В “Современнике” я пересмотрел все спектакли, и не по одному разу. Видел “Вечно живых” с гениальной Галиной Волчек в роли Нюрки-хлеборезки. Это было что-то потрясающее! Декорации этого спектакля, обшитые неотбеленной тканью, стояли на поворотном круге и представляли сегменты интерьеров военного времени, которые калейдоскопом на этой карусели менялись. Запомнилась выразительная игра Гарика Леонтьева. Прекрасно помню спектакли “Балаганчик”, “Обыкновенная история”, “Валентин и Валентина” и “Двенадцатую ночь” с великолепной Анастасией Вертинской, прекрасной Мариной Нееловой и сногсшибательным Олегом Табаковым. Декорации этого спектакля были сделаны талантливым грузинским художником Иосифом Сумбаташвили. Они представляли собой металлизированную башню с нишами и проходами, к которой были прикреплены металлические аркообразные мосты на роликах – они вращались и меняли таким образом возможности мизансцен. А вот танцы в этом спектакле репетировала бывшая солистка Большого театра и подруга моей мамы миниатюрная балерина Аллочка Щербинина. Мы встречались с ней на сцене “Современника”. Затем она эмигрировала в Канаду и долгие годы проработала репетитором в Виннипегском королевском балете в Калгари. Мы долго переписывались, но в Канаде, увы, так и не встретились.

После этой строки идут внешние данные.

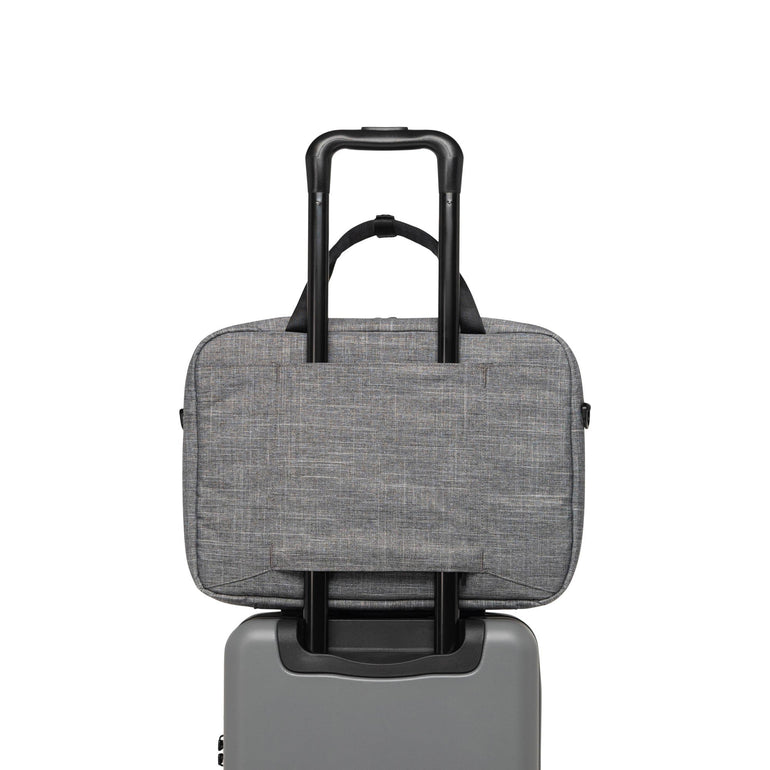 Herschel Gibson Messenger Tech - Raven Crosshatch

Помню очень хорошо “мужской костюм” в серых тонах Марины Нееловой и ее прическу “паж”, очень подходившую ко времени пьесы и моде 1970-х годов. Зрители ждали момента, когда на сцену выйдет Настя Вертинская в образе Оливии в черном траурном платье, покрытая почти непроницаемой вуалью. Скидывая вуаль, она обнажала не только прекрасное лицо, но и глубокий шнурованный вырез своего платья, спускавшийся ниже пупка. Зрительный зал замирал в восхищении. Это было очень эротично и для СССР почти недопустимо. Помню и Дегтяреву в этой роли, но декольте было чуть пристойнее.
С божественной Настей Вертинской мы познакомились в столовой “Современника”, куда я часто заходил, чтобы выпить томатного сока и съесть горбушку черного хлеба с солью. На это я тратил 11 копеек. Нас представил друг другу Стасик Садальский, знавший меня по летнему отдыху в Паланге. Он подозвал меня к столику, за которым сидел с Настей, и спросил:
– Ты знаком с нашей ведущей актрисой Анастасией Вертинской?

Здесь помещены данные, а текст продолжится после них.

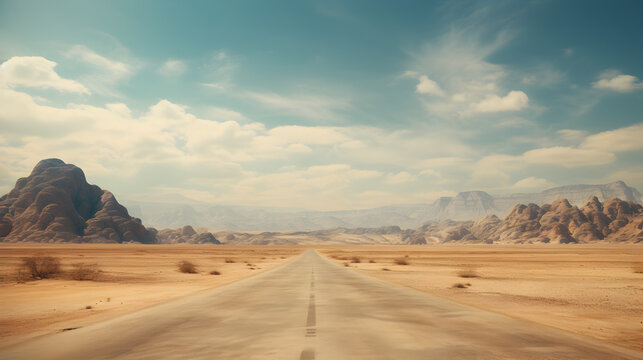 Scenic road view Pro Photo,,
Free photo beautiful shot of a dry desert hill with mountains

Вертинская ответила за меня:
– Кто ж не знает букву “ять”, как и где ее писать.
Много лет спустя, на ужине у меня дома в Париже, я напомнил Насте о нашем знакомстве, и она призналась, что это была любимая поговорка ее папы.
Кстати, именно Анастасия Вертинская дала мне рекомендацию для вступления в комсомол. Ведь в ту пору без членства в рядах ВЛКСМ не принимали в институт, а я готовился поступать в Школу-студию МХАТ.
Стасик Садальский, который был комсоргом “Современника”, и Костя Райкин поручились за то, что я – рабочий класс. С этим я и отправился в райком ВЛКСМ, расположенный у Покровских ворот. Там сидела очень противная тетка.
– Васильев, вы ведь у нас пролетариат? – спросила она.
– Типичный! Бутафором работаю.
– Тогда ответьте на вопрос. Сколько орденов на знамени ВЛКСМ?